Ten Korean and ten English native speakers participated in the experiment. The Korean participants, five males and five females (Mean age=23.9, SD=2.0), were recruited from Sogang University in Seoul, Korea. Their average age of first exposure to English study was 10.2 years (SD=1.9). No participants had lived in an English-speaking country or majored in English at the time of the task. As a control group, ten native speakers of American English recruited from Stony Brook University participated in the repetition experiment, five males and five females (Mean age=26.3, SD=4.3). They were monolingual and had no experience with Korean. None of the participants reported any hearing or speech disorders. All were paid for their participation after completing the experiment.

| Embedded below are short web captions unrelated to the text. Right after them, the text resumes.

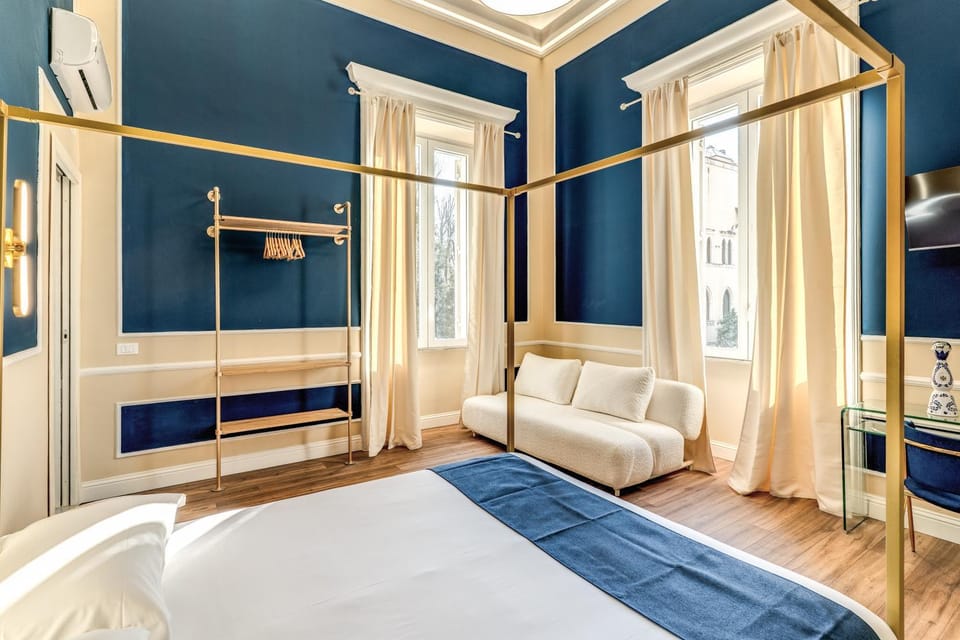 Bed, Living room, Photo of the whole room, Seating area, Bedroom, wardrobe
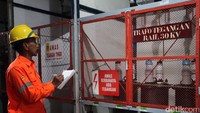 Petugas melakukan pengecekan rutin di Pembangkit Listrik Tenaga Air (PLTA) Lamajan, Pangalengan, Bandung, Jawa Barat, Jumat (5/5/2017).  PLTA yang beroperasi sejak 1955 ini mempunyai tiga turbin dengan kapasitas total produksi  19,56 Mega Watt (MW). (Foto: Lamhot Aritonang/detikcom)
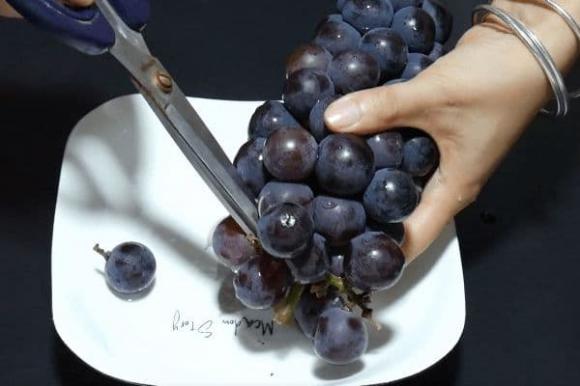 Chỉ dùng nước sạch để rửa nho, tương đương với việc ăn phải trứng côn trùng”, mách bạn cách rửa sạch và đảm bảo vệ sinh trước khi ăn-2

Participants were asked to listen to auditory stimuli and to repeat what they heard through a laptop computer. They were given no orthographic or other information but only aural information using a headphone. Each frame consisted of repetition of a stimulus followed by the phrase "Please repeat". After this, participants were given three seconds to produce the stimulus. The participants were familiarized with the experimental task by taking a practice trial round with a couple of words that were not included in the test items. The recording of the Korean group was conducted in a sound-attenuated booth in the English Department at Sogang University, and that of the English group in the Linguistics Department at Stony Brook University. Both recordings were done using a Shure SM57 microphone and a Zoom H4n recorder at 44.1 kHz sampling rate.

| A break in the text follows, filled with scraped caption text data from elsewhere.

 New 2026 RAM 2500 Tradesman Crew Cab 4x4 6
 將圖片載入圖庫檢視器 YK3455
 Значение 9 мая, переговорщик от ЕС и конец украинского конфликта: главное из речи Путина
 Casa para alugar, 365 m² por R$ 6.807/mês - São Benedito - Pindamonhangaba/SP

The perceptual similarity approach, proposed by Kang (2003) following Steriade (2001), assumes that Korean speakers accurately perceive the English forms, but they insert a vowel in their production to maintain perceptual similarity between the English and Korean forms. Thus, this approach predicts for the production experiment that Korean speakers will produce the English final stop as a stop followed by a vowel although they correctly perceive the stop as a final consonant.

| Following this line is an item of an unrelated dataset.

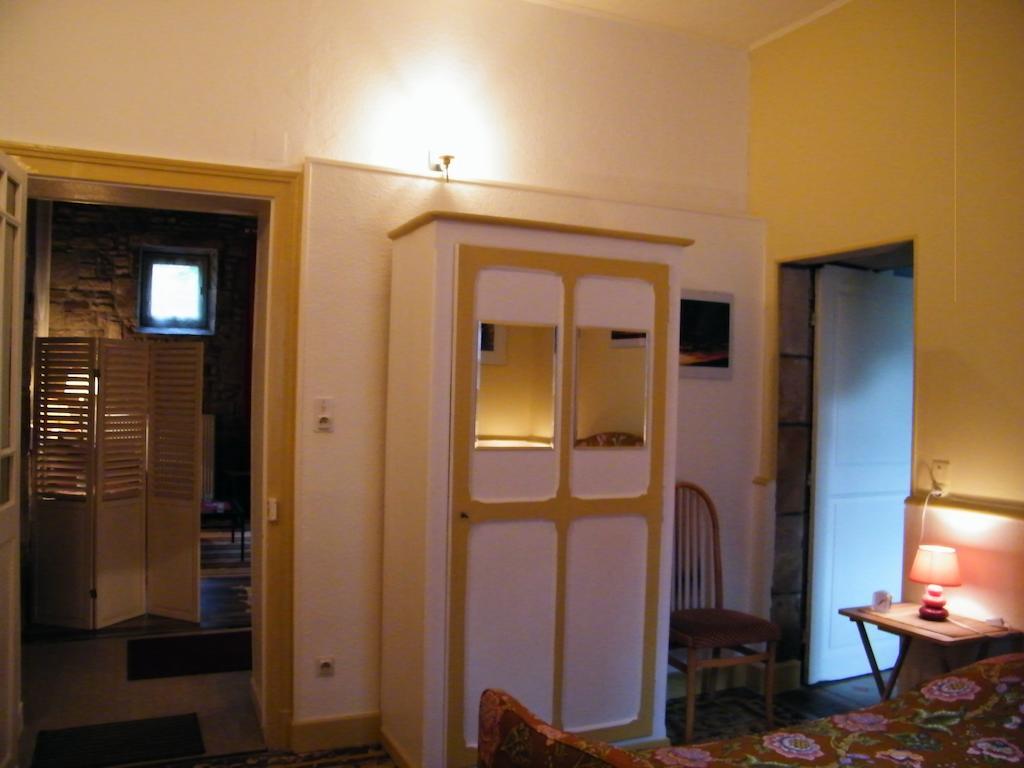 Villa Des Capucins Luxeuil-les-Bains Oda fotoğraf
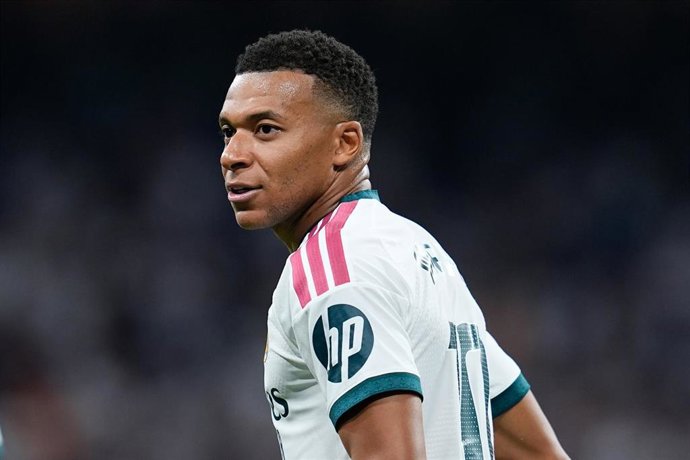 El delantero del Real Madrid Kylian Mbappé, ante el Rayo Vallecano en Liga EA Sports 2026-27.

Producing C as CV should result in noise intervals after the final consonant that are longer than those associated with producing C as C even where C is released because producing C as C involves transient and frication of the stop while producing C as CV involves aspiration and onset of voicing following transient and frication. As will be discussed in the following section, noise intervals were defined as every noise made following the closure of final stops. For the production task, Korean speakers are predicted to produce stronger noise intervals than English speakers, who never insert a vowel after the final stop and simply release the stop. The vowel that is expected to be inserted by Korean speakers is predicted to be perceived as an epenthetic vowel by English listeners. The predictions given in (1) are tested by comparing the productions of Korean and English speakers and investigating the noise intervals of Korean speakers.
(1) Predictions for the production experiment
a. Korean speakers will produce significantly longer noise intervals after English final stops than English speakers.
b. The longer noise intervals of Korean speakers will be perceived by English listeners as an epenthetic vowel.
In the following section, I discuss the noise intervals after the stop closure of the final stops and check if noise intervals produced by Korean speakers are longer when compared to those of English speakers.
The productions of ten Korean and ten English speakers were measured using Praat (Boersma & Weenink, 2018). For each speaker, a noise interval following the closure of final stops was measured. I first discuss the definition of burst noise in the description of noise events of syllable-initial stops and turn to "noise intervals" that the current study addresses. Kent & Read (2002) describes a sequence of acoustic events associated with progression from a word-initial stop to a vowel: transient, frication, aspiration, and voicing. On the release, a pulse of energy is created as the air escapes. This plosion is called a transient because of its brevity and momentary character although this terminology is not widely used (Kent & Read, 2002: 141). The transient is one of the shortest acoustic events in speech, no longer than 5 to 40 ms in duration. It is followed by frication which is a turbulence noise created as the oral constriction is gradually released. Following the transient and frication, aspiration occurs in the case of word-initial stops. Aspiration is followed by onset of voicing where vocal fold vibration for the vowel is initiated.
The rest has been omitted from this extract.